» **Task item**
Each line from the one with "Alps Boulder Canyon Inn Εξωτερικό φωτογραφία" through the last line below must be written out exactly. Do not copy pictures.

» **Data excerpt**

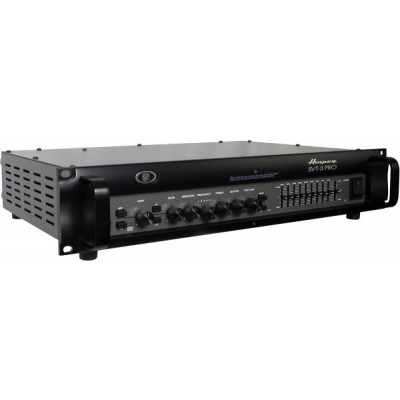 Усилитель "голова" для бас гитары AMPEG SVT-3PRO Усилитель "голова" для бас гитары AMPEG SVT-3PRO
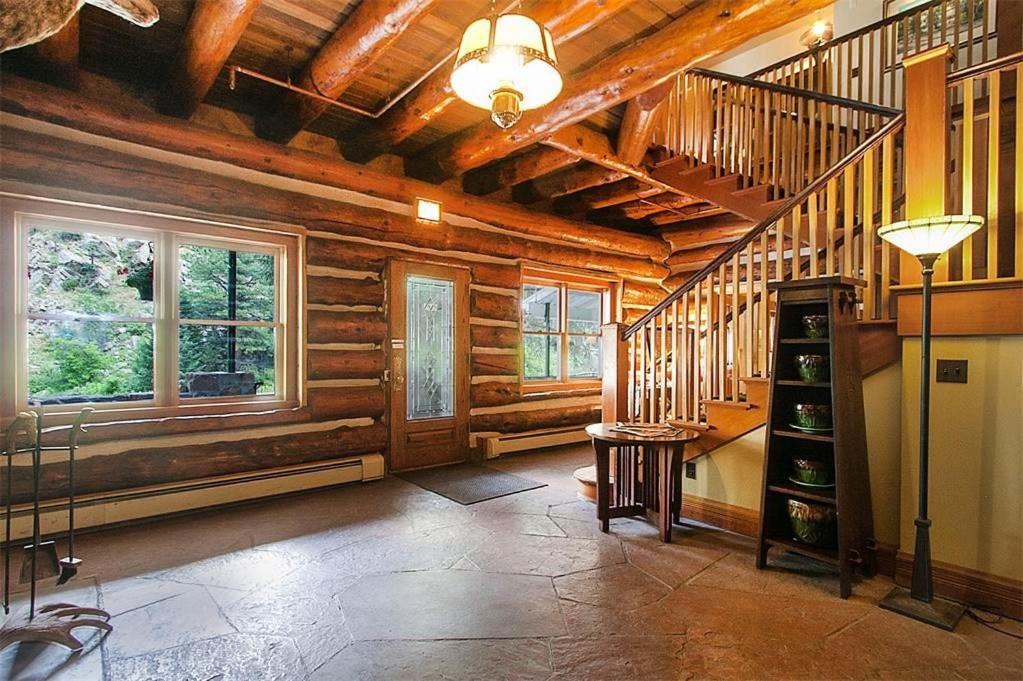 Alps Boulder Canyon Inn Εξωτερικό φωτογραφία
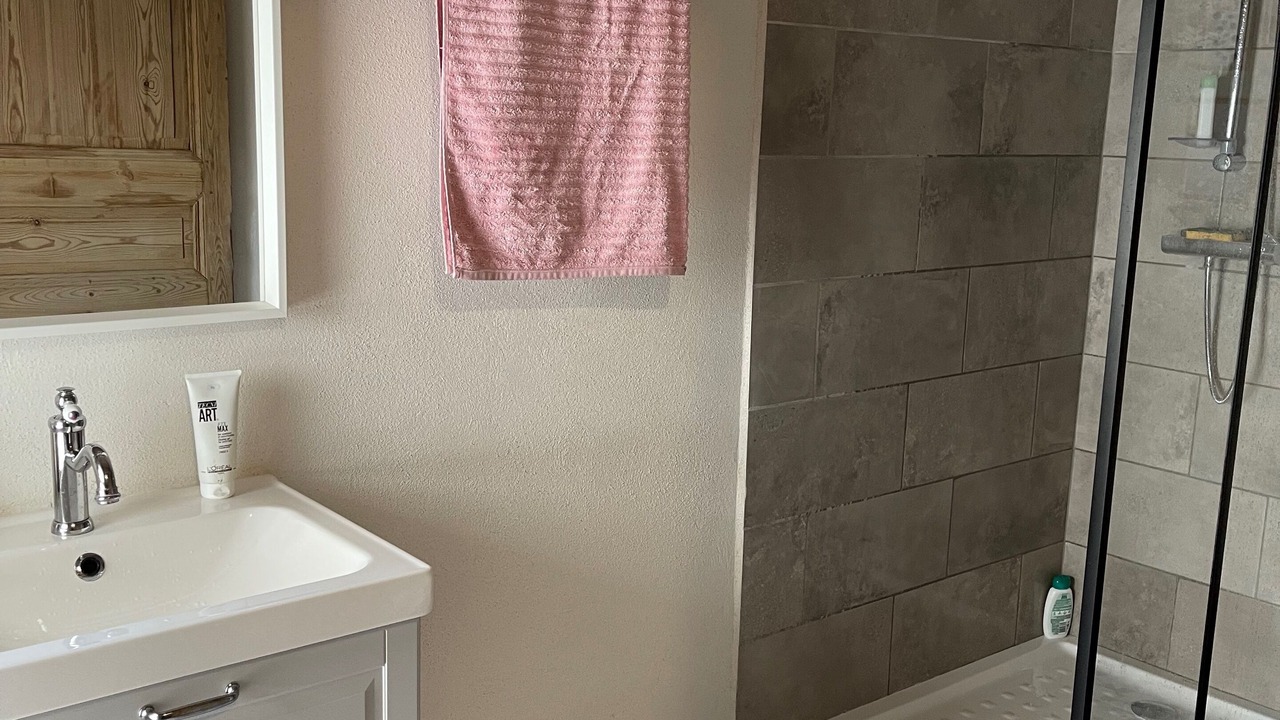 Photo of Bathroom in Allegre Les Fumades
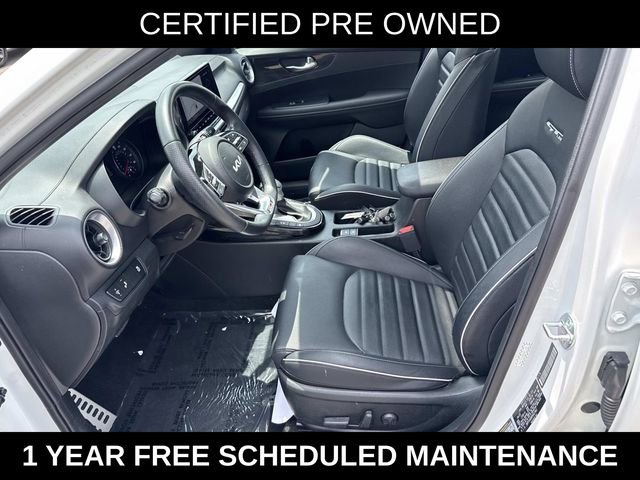 Used 2023 Kia Forte GT-Line w/ GT-Line Premium Package FWD image 14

» **Task output**
 Alps Boulder Canyon Inn Εξωτερικό φωτογραφία
 Photo of Bathroom in Allegre Les Fumades
 Used 2023 Kia Forte GT-Line w/ GT-Line Premium Package FWD image 14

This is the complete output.